**WHAT IS BEING ASKED**
Copy the lines below exactly, starting at the one with "The crop can" and ending at the one with "Welcome to the", and leave out any picture.

**DATA PROVIDED**
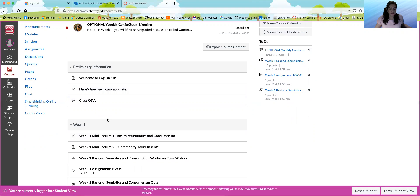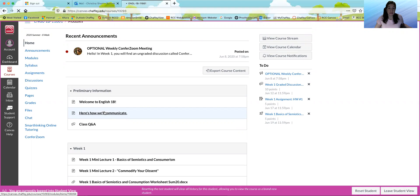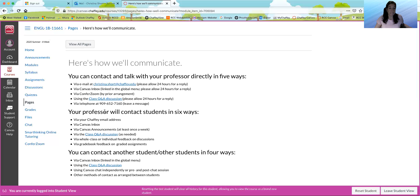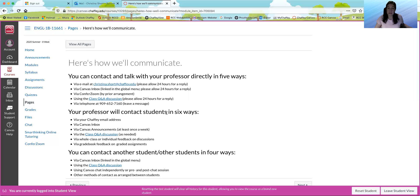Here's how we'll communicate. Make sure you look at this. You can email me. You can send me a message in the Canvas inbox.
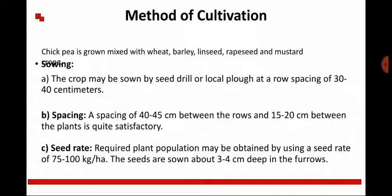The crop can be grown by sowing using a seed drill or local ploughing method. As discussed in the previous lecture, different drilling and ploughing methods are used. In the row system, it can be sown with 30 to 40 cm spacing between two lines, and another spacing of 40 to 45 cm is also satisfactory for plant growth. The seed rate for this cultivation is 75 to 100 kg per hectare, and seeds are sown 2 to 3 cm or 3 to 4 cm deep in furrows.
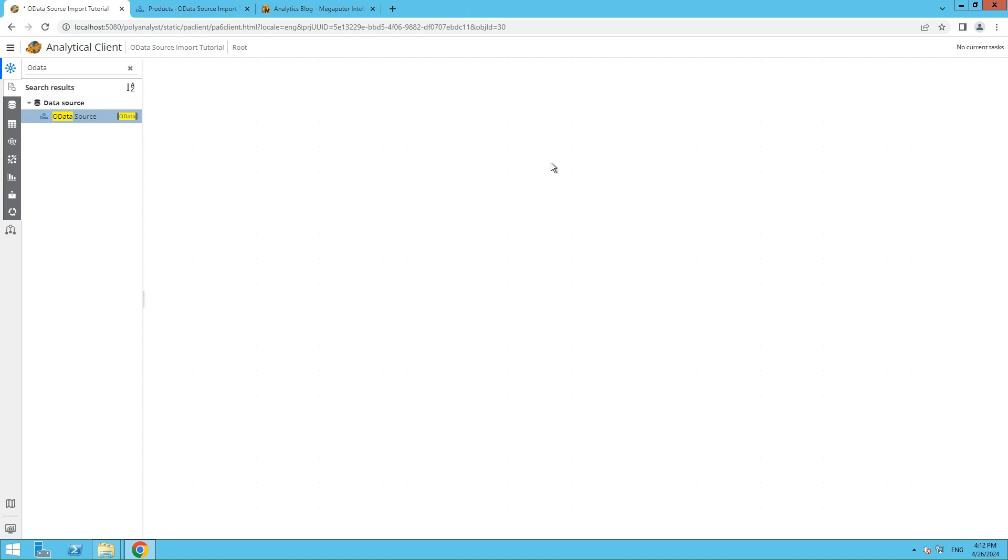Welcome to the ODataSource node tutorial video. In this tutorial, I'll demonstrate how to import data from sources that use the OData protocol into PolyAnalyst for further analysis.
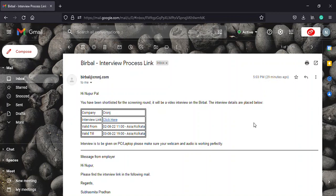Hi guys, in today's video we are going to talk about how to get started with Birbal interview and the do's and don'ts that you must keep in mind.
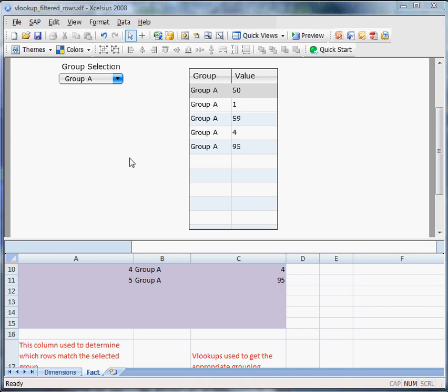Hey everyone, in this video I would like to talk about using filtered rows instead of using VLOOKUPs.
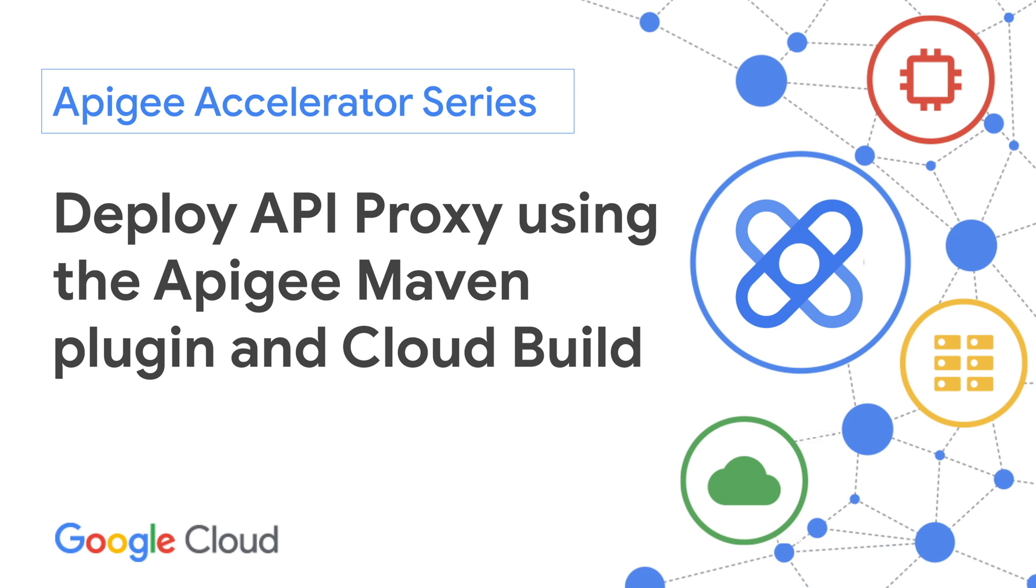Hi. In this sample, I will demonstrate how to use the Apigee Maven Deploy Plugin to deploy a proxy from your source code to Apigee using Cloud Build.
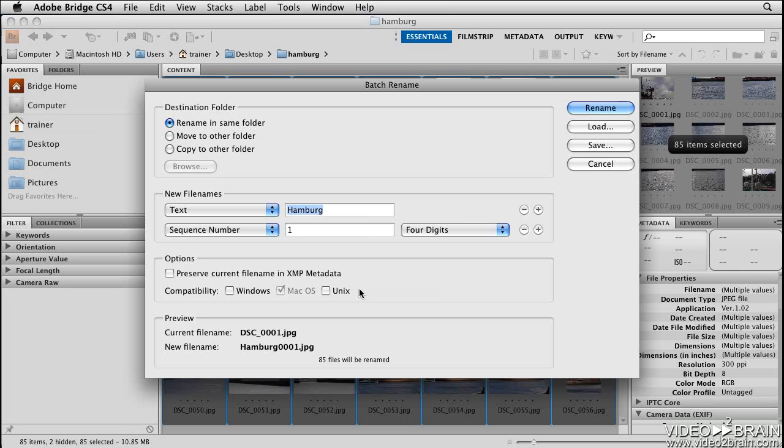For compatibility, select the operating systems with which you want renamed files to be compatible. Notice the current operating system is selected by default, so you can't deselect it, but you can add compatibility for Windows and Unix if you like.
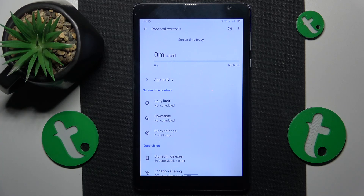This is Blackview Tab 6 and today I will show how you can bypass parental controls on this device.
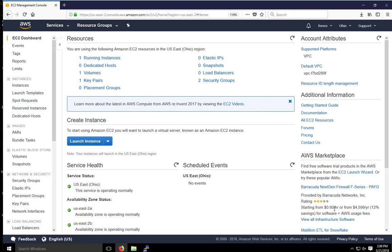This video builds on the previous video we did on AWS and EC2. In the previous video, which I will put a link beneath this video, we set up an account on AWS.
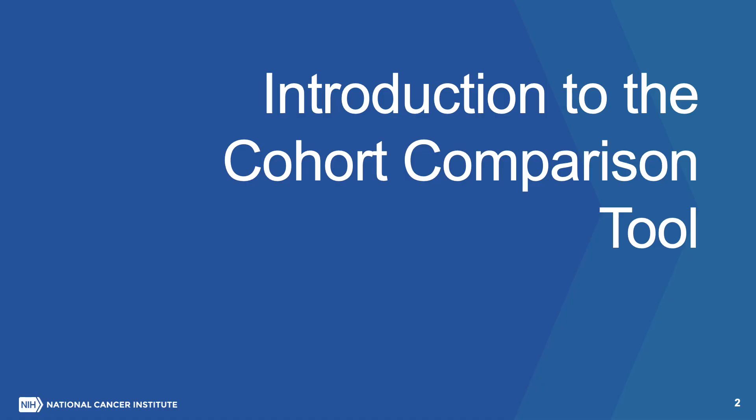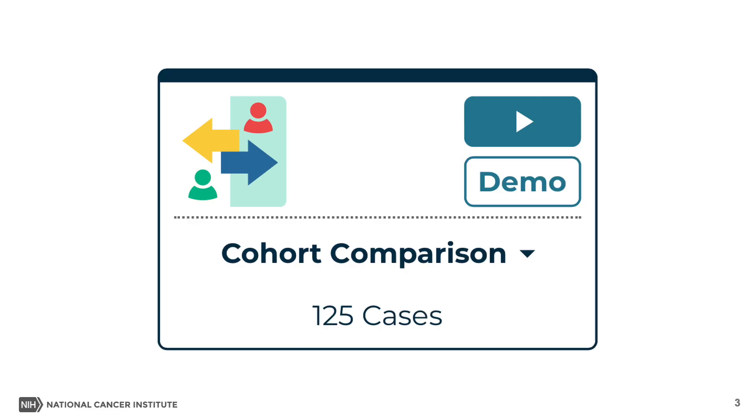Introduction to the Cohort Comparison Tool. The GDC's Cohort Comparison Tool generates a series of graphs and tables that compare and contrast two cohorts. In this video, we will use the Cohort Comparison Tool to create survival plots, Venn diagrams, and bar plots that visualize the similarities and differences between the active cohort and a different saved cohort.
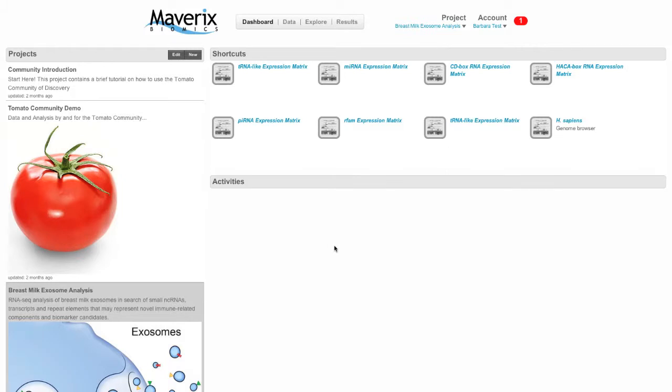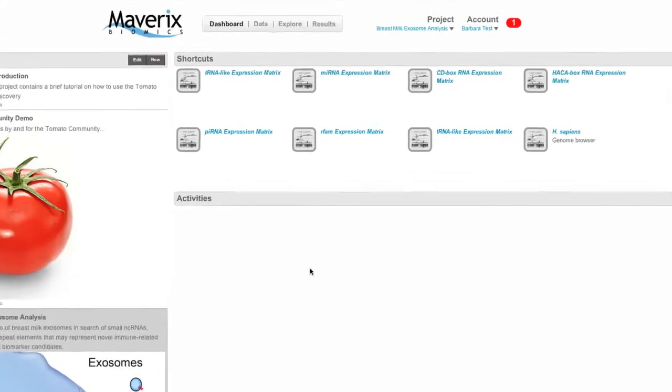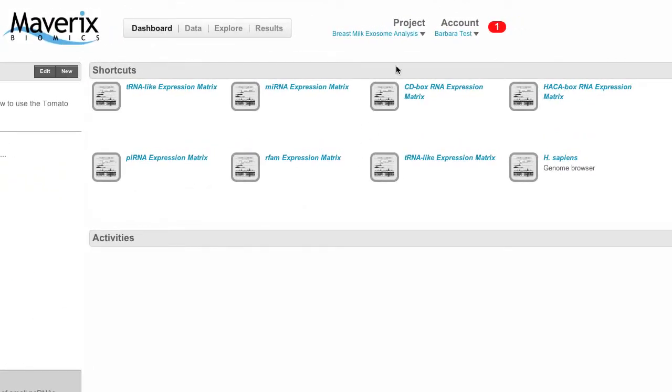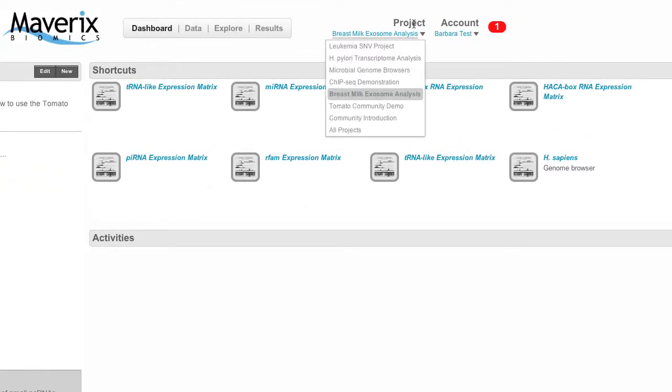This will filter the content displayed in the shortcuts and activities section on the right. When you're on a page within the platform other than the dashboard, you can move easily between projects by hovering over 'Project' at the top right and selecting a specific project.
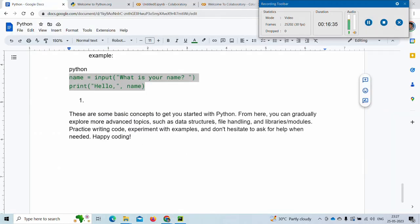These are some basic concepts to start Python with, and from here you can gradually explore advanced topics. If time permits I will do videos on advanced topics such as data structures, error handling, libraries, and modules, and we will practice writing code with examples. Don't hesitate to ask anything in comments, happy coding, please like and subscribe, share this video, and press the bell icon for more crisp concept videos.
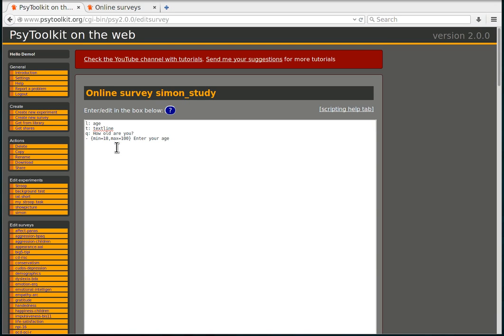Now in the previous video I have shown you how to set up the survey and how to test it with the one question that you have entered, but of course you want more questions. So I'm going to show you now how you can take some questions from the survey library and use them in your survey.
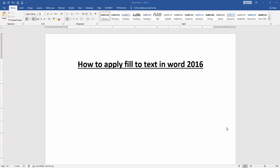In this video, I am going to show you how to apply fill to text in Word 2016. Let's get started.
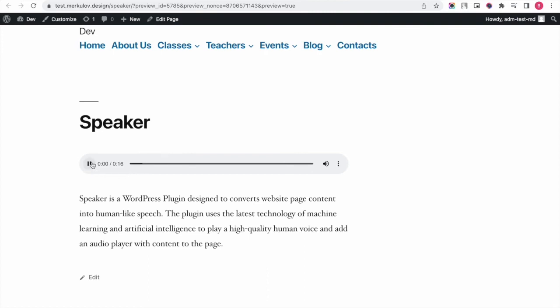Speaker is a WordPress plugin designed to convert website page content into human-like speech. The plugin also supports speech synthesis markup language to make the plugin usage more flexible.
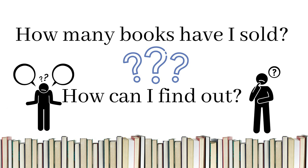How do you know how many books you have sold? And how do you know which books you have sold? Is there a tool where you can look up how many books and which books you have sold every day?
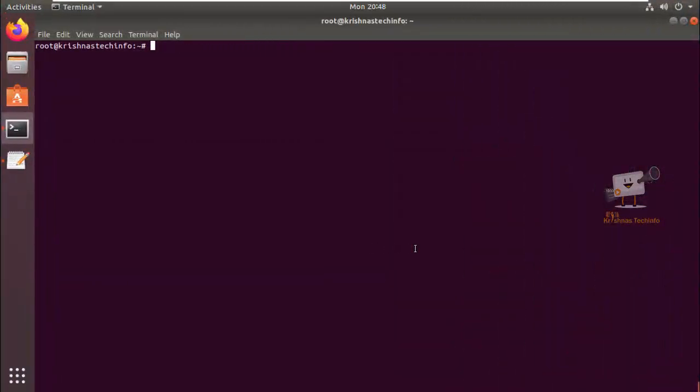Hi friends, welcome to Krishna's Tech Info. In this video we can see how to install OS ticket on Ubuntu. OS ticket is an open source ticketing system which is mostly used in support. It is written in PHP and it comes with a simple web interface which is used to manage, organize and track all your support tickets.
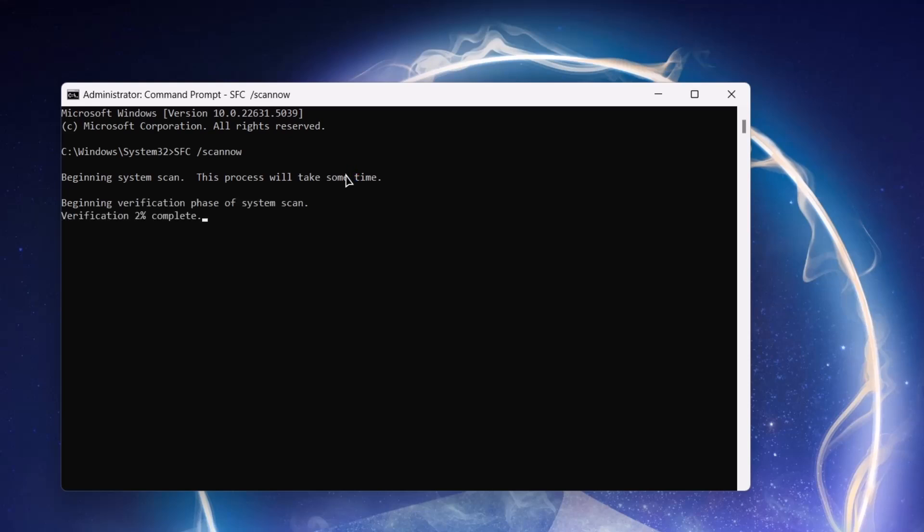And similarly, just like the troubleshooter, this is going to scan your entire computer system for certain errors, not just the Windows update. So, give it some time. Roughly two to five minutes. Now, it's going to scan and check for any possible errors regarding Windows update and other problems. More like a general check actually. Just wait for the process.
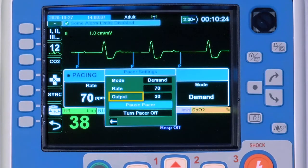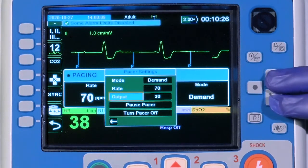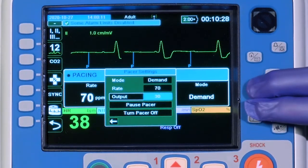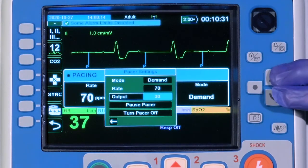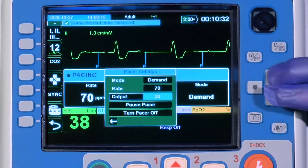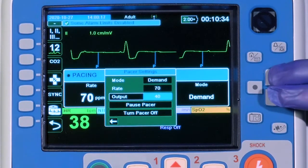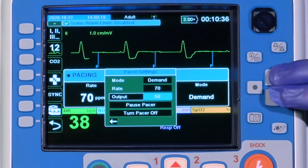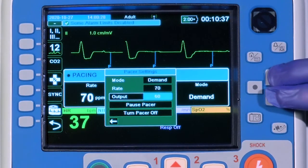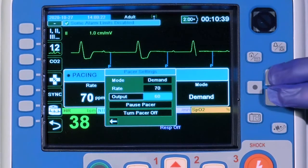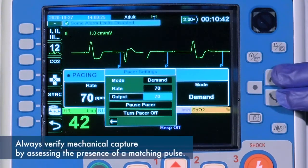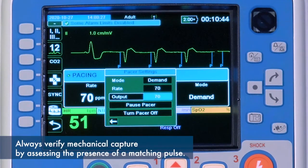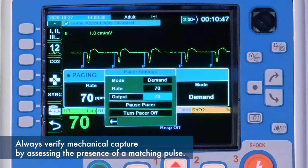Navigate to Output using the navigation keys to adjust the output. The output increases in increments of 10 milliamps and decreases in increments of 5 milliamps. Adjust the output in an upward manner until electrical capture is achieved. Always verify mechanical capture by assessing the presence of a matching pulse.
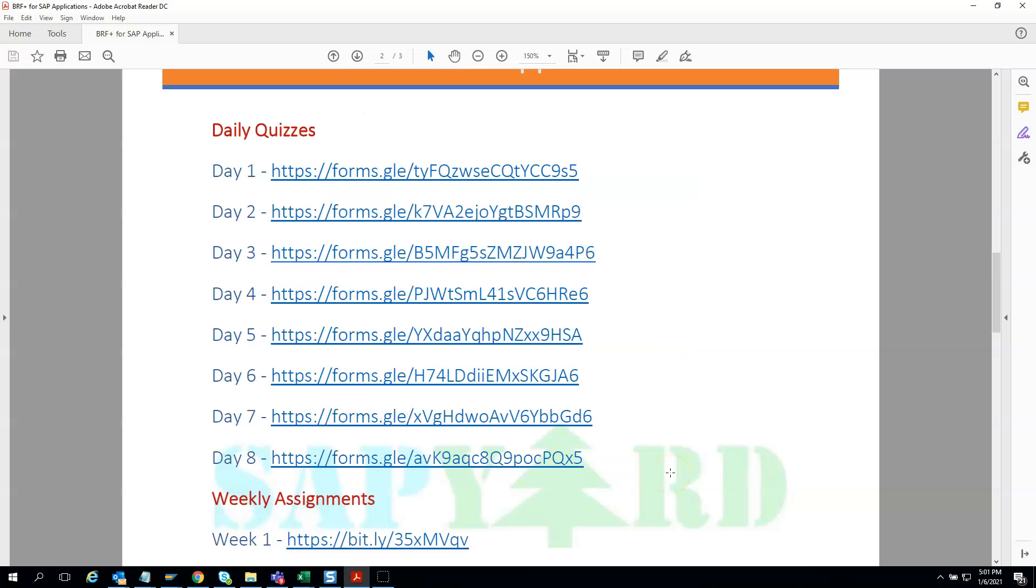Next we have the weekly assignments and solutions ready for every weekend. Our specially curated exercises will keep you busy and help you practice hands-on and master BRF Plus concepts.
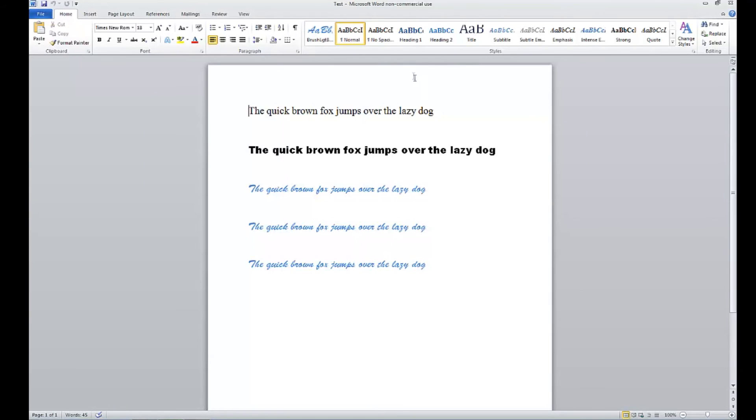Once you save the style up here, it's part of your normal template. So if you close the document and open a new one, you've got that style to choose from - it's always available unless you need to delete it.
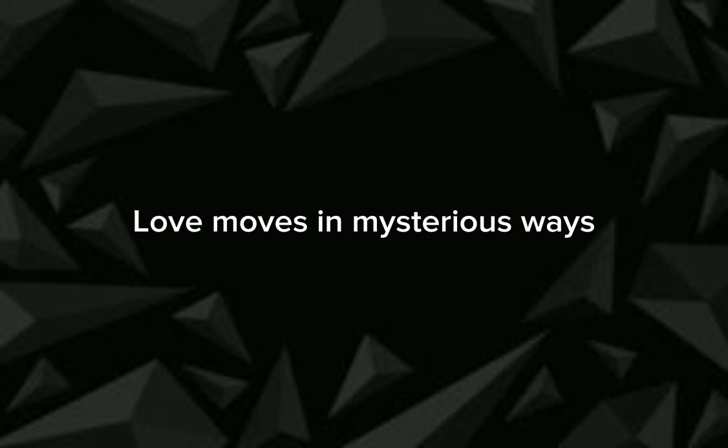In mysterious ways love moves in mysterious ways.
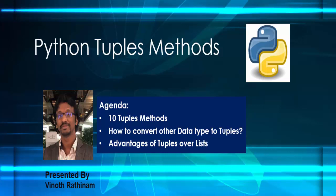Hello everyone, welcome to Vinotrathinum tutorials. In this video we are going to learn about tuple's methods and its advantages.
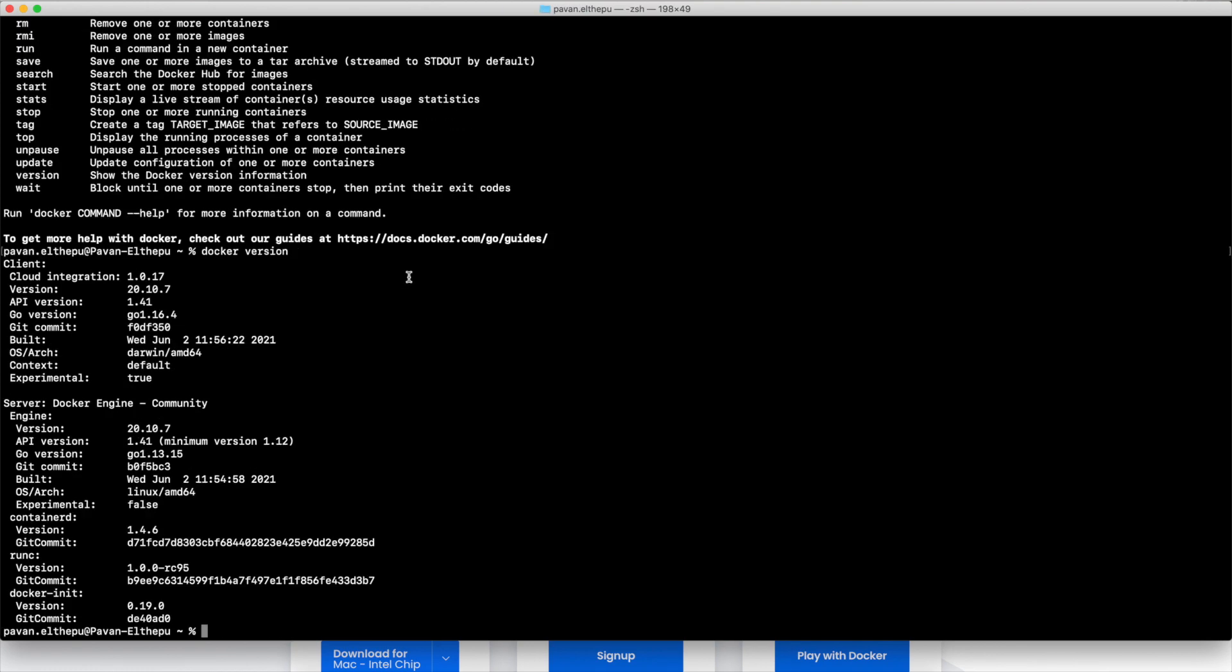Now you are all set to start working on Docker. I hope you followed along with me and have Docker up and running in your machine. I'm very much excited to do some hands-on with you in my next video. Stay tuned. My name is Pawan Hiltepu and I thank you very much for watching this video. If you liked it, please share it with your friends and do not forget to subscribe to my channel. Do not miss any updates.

**REPLY**
The crop can be grown by sowing using a seed drill or local ploughing method. As discussed in the previous lecture, different drilling and ploughing methods are used. In the row system, it can be sown with 30 to 40 cm spacing between two lines, and another spacing of 40 to 45 cm is also satisfactory for plant growth. The seed rate for this cultivation is 75 to 100 kg per hectare, and seeds are sown 2 to 3 cm or 3 to 4 cm deep in furrows.
Welcome to the ODataSource node tutorial video. In this tutorial, I'll demonstrate how to import data from sources that use the OData protocol into PolyAnalyst for further analysis.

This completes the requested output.